An "axis-aligned plus sign of 1s of order k" has some center grid[x][y] = 1 along with 4 arms of length k-1 going up, down, left, and right, and made of 1s. This is demonstrated in the diagrams below. Note that there could be 0s or 1s beyond the arms of the plus sign, only the relevant area of the plus sign is checked for 1s.
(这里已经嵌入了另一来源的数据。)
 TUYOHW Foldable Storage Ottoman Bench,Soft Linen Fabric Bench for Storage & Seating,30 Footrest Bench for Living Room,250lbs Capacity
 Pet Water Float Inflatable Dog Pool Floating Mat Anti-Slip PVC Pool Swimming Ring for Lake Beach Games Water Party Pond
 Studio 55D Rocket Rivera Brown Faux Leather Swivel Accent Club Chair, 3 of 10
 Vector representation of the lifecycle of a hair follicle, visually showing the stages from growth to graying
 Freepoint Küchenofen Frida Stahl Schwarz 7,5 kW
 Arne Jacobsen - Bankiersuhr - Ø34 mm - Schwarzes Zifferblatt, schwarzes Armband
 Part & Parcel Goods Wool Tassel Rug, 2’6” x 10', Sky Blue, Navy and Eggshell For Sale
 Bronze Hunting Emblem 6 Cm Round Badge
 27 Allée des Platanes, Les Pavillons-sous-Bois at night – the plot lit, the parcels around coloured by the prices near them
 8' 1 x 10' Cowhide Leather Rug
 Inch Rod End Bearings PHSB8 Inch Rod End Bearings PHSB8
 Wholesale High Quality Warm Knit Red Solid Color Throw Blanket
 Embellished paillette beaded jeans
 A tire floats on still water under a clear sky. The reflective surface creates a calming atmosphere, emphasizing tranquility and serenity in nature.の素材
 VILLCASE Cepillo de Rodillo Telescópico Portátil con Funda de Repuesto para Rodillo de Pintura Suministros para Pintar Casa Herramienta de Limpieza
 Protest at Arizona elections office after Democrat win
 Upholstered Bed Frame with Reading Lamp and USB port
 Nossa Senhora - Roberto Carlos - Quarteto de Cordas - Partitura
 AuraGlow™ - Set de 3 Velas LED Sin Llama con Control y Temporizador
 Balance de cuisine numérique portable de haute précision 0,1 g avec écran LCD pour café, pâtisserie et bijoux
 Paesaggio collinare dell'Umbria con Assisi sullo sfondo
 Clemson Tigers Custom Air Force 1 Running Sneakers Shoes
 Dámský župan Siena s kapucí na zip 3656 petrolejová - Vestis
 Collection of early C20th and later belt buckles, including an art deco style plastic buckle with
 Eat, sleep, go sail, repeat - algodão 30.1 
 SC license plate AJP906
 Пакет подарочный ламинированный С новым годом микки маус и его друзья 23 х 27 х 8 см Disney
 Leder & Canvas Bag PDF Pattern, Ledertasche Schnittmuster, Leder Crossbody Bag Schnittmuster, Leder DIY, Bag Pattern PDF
Examples of Axis-Aligned Plus Signs of Order k:

Order 1:
000
010
000

Order 2:
00000
00100
01110
00100
00000

Order 3:
0000000
0001000
0001000
0111110
0001000
0001000
0000000

Example 1:

Input: N = 5, mines = [[4, 2]]
Output: 2
Explanation:
11111
11111
11111
11111
11011
In the above grid, the largest plus sign can only be order 2.  One of them is marked in bold.

Example 2:

Input: N = 2, mines = []
Output: 1
Explanation:
There is no plus sign of order 2, but there is of order 1.

Example 3:

Input: N = 1, mines = [[0, 0]]
Output: 0
Explanation:
There is no plus sign, so return 0.

Note:

1. N will be an integer in the range [1, 500].

2. mines will have length at most 5000.

3. mines[i] will be length 2 and consist of integers in the range [0, N-1].

4. (Additionally, programs submitted in C, C++, or C# will be judged with a slightly smaller time limit.)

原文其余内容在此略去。